• **What you have to do**
Using only the entries below, output the lines starting at the one containing "THY Euroleague: Olimpia" and ending at the one containing "Кутия за стръв", exactly and inclusive of both, omitting the pictures.
***** Entries shown
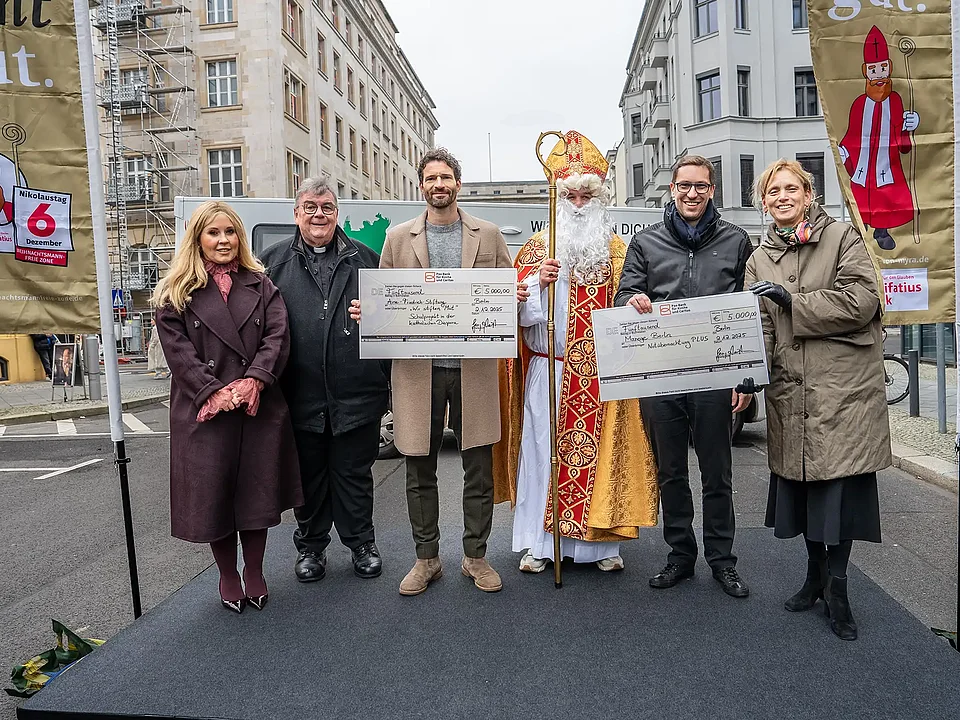 Eröffnung der Nikolausaktion in Berlin. (Foto: Hartmut Salzmann)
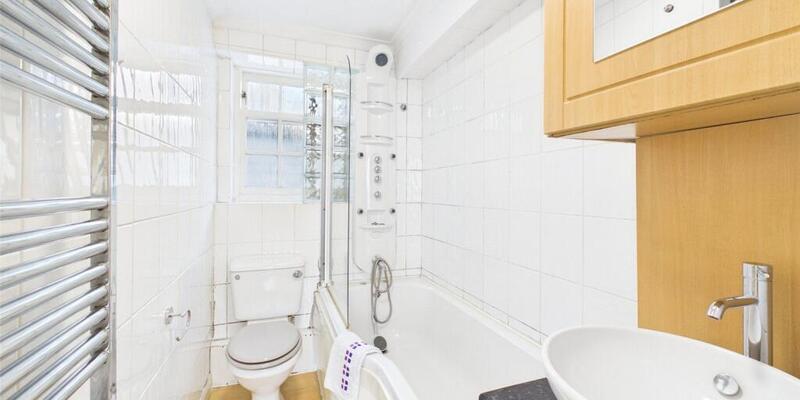 Flat 1, 50 Bridge Street, Christchurch, BH23 1EB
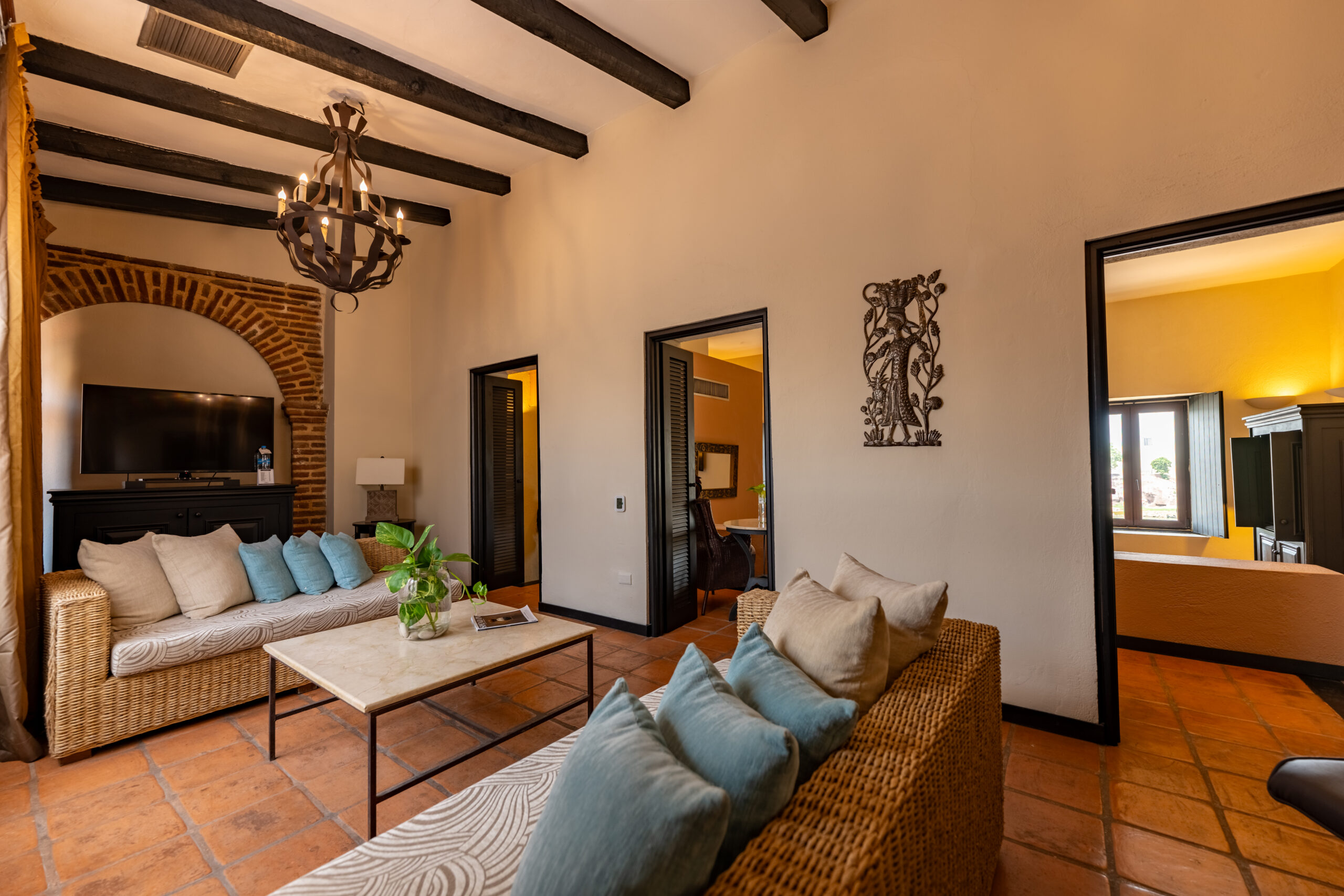 HODELPA NICOLAS DE OVANDO EMBLEMATIC 5* HOTEL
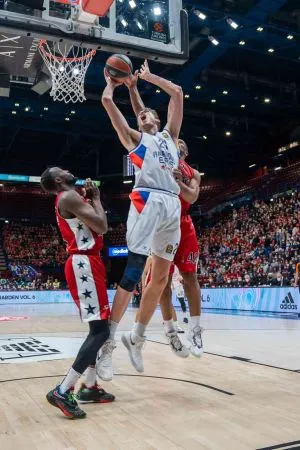 THY Euroleague: Olimpia Milano: 48 – Anadolu Efes: 64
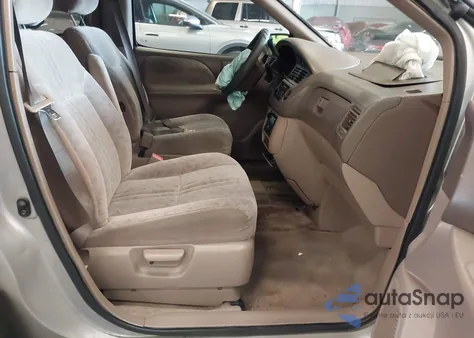 2001 Toyota Sienna Le z USA, uszkodzony, nr VIN 4T3ZF13C11U364510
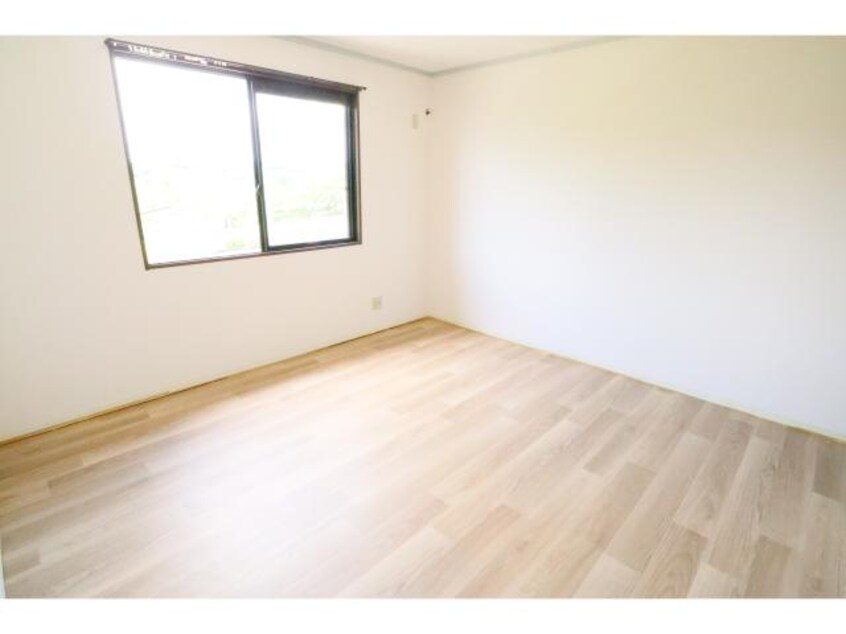  近鉄大阪線（近畿）/五位堂駅 バス8分馬見北９丁目下車:停歩2分 1-2階 築30年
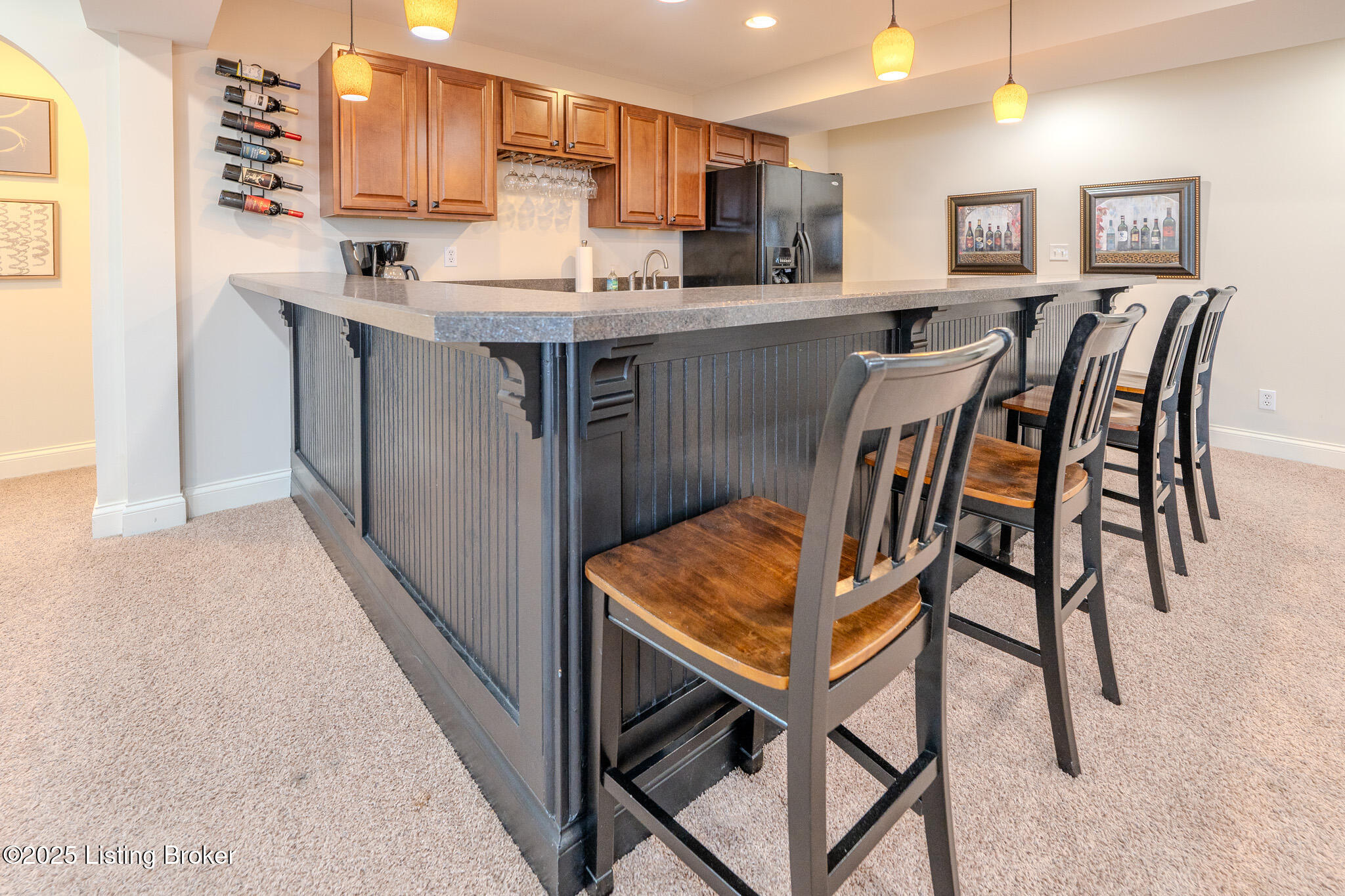 8017 Williamsgate Cir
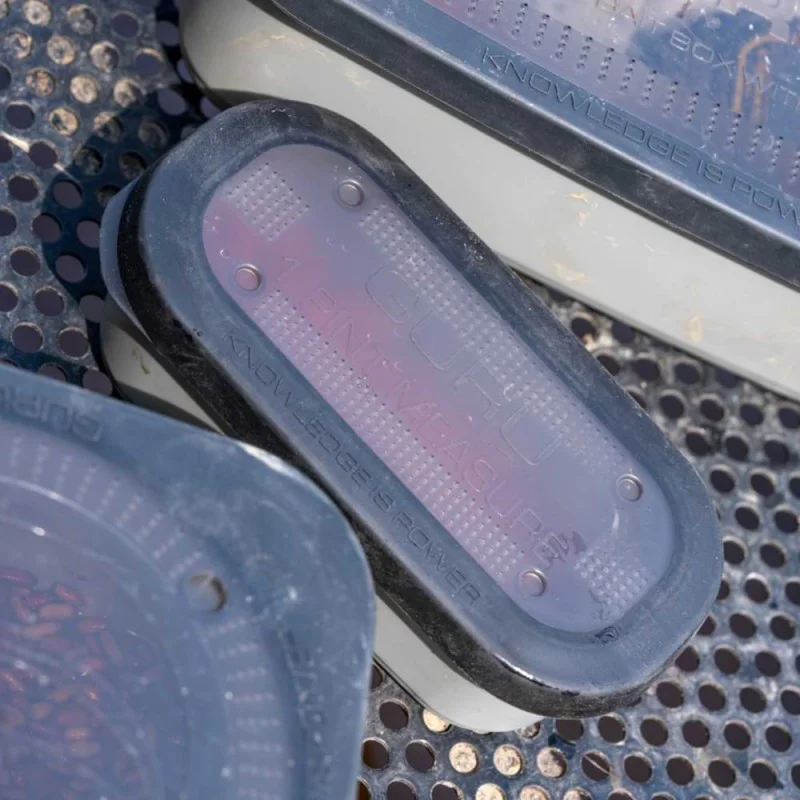 Кутия за стръв GURU Conti Bait Box 1.1 Pint Grey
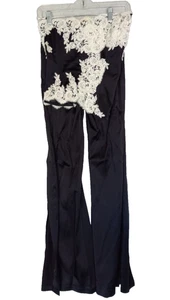 Project Runway TV Show Kleiderschrank Requisite Korsetts Modedesigner Jasper Outfit - Bild 1 von 11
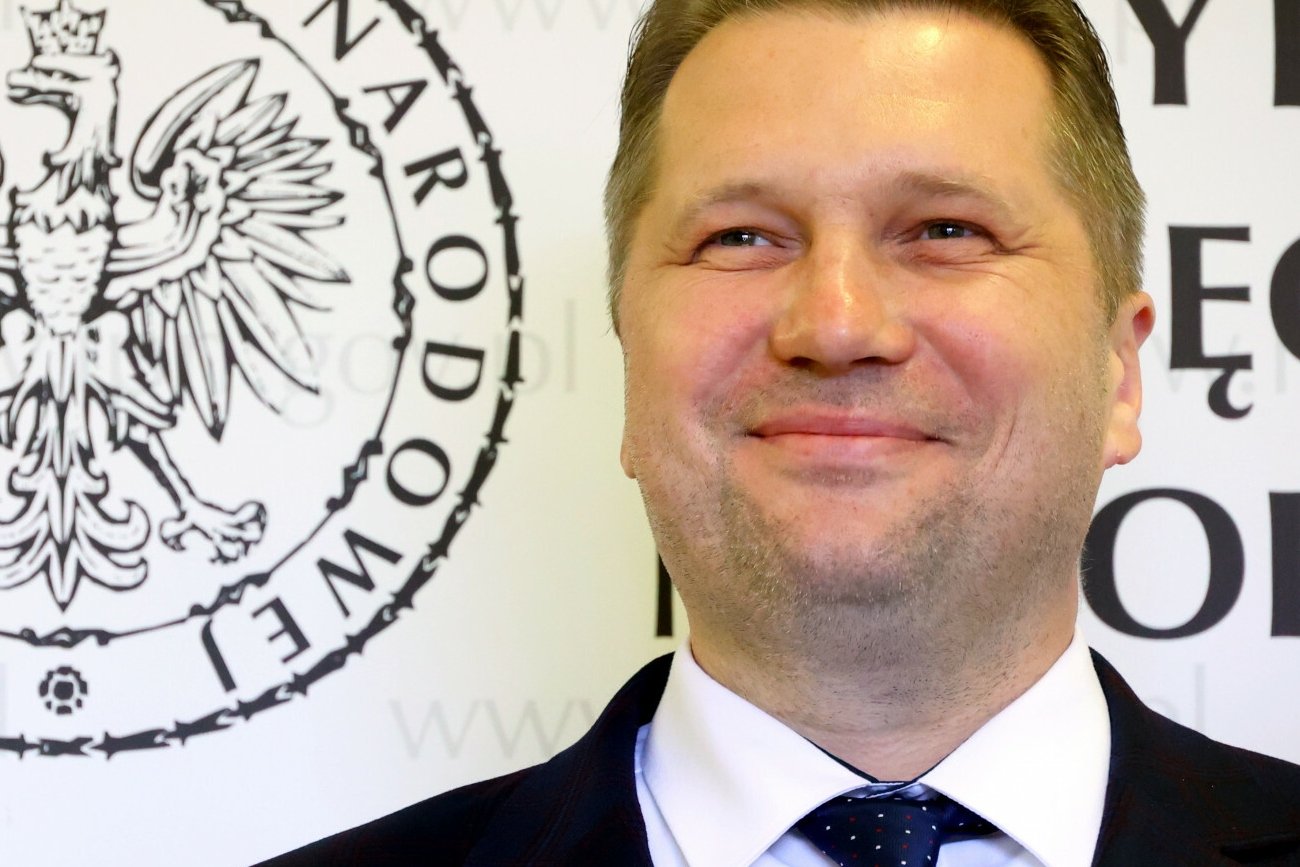 Promowany przez ministra Czarnka podręcznik do Historii i Teraźniejszości zawiera cytat o treści pedofilskiej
**********
• **Task output**
 THY Euroleague: Olimpia Milano: 48 – Anadolu Efes: 64
 2001 Toyota Sienna Le z USA, uszkodzony, nr VIN 4T3ZF13C11U364510
  近鉄大阪線（近畿）/五位堂駅 バス8分馬見北９丁目下車:停歩2分 1-2階 築30年
 8017 Williamsgate Cir
 Кутия за стръв GURU Conti Bait Box 1.1 Pint Grey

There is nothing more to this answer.